[Stored records]
- Opening Delimiter -

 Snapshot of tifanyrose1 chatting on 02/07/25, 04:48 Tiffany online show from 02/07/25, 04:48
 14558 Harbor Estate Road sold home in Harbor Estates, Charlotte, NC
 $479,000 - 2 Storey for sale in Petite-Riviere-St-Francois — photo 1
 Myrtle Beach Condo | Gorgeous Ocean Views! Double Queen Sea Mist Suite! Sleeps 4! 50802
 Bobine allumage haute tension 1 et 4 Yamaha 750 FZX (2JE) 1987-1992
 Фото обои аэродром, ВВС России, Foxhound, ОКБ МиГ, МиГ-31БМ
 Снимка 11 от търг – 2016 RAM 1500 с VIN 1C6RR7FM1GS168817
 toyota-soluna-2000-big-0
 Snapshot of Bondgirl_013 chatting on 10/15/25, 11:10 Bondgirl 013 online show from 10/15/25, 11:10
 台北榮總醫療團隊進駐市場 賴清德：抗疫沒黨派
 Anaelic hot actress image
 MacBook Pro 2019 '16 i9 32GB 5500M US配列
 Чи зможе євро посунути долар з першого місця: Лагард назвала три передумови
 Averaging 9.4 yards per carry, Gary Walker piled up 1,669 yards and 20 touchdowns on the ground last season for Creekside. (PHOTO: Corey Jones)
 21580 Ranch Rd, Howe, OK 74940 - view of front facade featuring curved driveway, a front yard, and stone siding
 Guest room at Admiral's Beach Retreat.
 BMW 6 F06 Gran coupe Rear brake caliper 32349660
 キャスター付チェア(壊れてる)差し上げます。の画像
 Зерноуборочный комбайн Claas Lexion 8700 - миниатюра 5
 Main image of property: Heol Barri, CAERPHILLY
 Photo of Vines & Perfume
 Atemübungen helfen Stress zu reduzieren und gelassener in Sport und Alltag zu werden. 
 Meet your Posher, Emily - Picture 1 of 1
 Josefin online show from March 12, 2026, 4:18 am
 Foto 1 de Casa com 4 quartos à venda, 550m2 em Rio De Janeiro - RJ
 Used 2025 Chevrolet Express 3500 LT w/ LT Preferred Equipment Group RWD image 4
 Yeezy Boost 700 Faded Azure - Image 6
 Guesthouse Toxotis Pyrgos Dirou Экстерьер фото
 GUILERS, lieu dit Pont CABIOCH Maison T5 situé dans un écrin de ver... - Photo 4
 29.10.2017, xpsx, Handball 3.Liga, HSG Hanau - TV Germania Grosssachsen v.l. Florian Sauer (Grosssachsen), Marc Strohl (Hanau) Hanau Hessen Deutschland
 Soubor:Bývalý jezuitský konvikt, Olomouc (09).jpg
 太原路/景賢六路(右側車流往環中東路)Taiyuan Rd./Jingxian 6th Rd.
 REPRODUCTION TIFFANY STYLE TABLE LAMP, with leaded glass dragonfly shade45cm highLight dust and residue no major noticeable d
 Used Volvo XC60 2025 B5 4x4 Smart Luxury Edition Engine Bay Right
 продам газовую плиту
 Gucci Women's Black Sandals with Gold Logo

- Closing Delimiter -

Problem to solve –
Read through the data and copy every line where "with" shows up.

Output of the task –
 REPRODUCTION TIFFANY STYLE TABLE LAMP, with leaded glass dragonfly shade45cm highLight dust and residue no major noticeable d
 Gucci Women's Black Sandals with Gold Logo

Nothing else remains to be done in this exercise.